# Installing a Double Sink ?



## acerunner (Dec 16, 2009)

first, does that T fitting have a baffle to direct flow down? You must use directional fittings in this setup.

secondly, can't really tell from the picture but the trap arm needs to be sloped down away from the trap at least 1/4" per ft, but total drop cannot be more than the diameter of the pipe.

third, I see it bends around the back and to the right. How far does that go? Where is the vent?


----------



## plumber666 (Oct 7, 2010)

Oh dear. That tee should be on the right side sink compartment. 90 from the left side should drain into it, and the p-trap directly below the tee.

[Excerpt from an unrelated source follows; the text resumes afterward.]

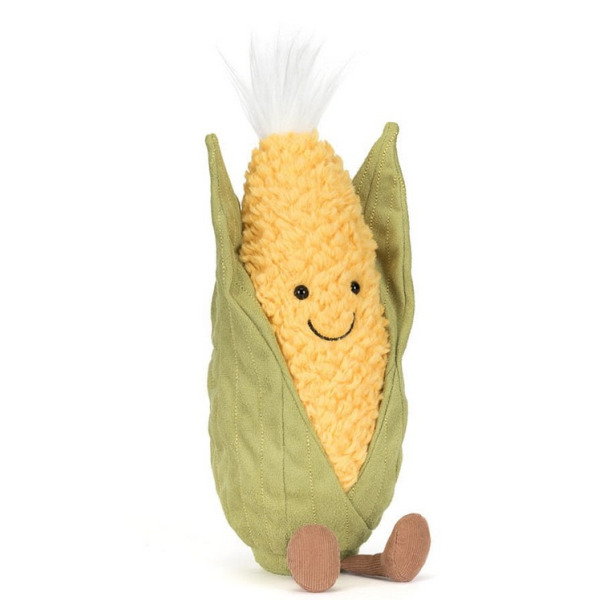 ZABAWNA KOLBA KUKURYDZY żółto-zielona przytulanka Amuseables Sweetcorn 27 cm Jellycat 0+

Shorten the pipe in the wall up so it aims close to the relocated p-trap. Wish I knew how to post a link or draw a picture of how you're really supposed to install a double sink. Maybe google "continuous waste".


----------



## acerunner (Dec 16, 2009)

you are talking about doing it like this (1st picture)? Although that is the most common way to do it, there is no violation in draining from the center as long as the right fittings are used (2nd picture).


----------



## TheEplumber (Jul 20, 2010)

Chuck0o0 said:


> Having trouble installing a double sink and can’t figure out what I’m doing wrong. The sinks are different heights one is about 4 inches shallower then the other. I’m thinking the problem is the main drain out of the back wall is too high. What is happening is when I fill one sink water comes up in the other and never drains.. Attached are the pics.
> Thank you in advance!
> Chuck


Is this all new piping, including the rough in work?
Does the trap have vent? If not, that will keep it from draining.
Your cont. waste appears ok. Just make sure that your tee is directional.


----------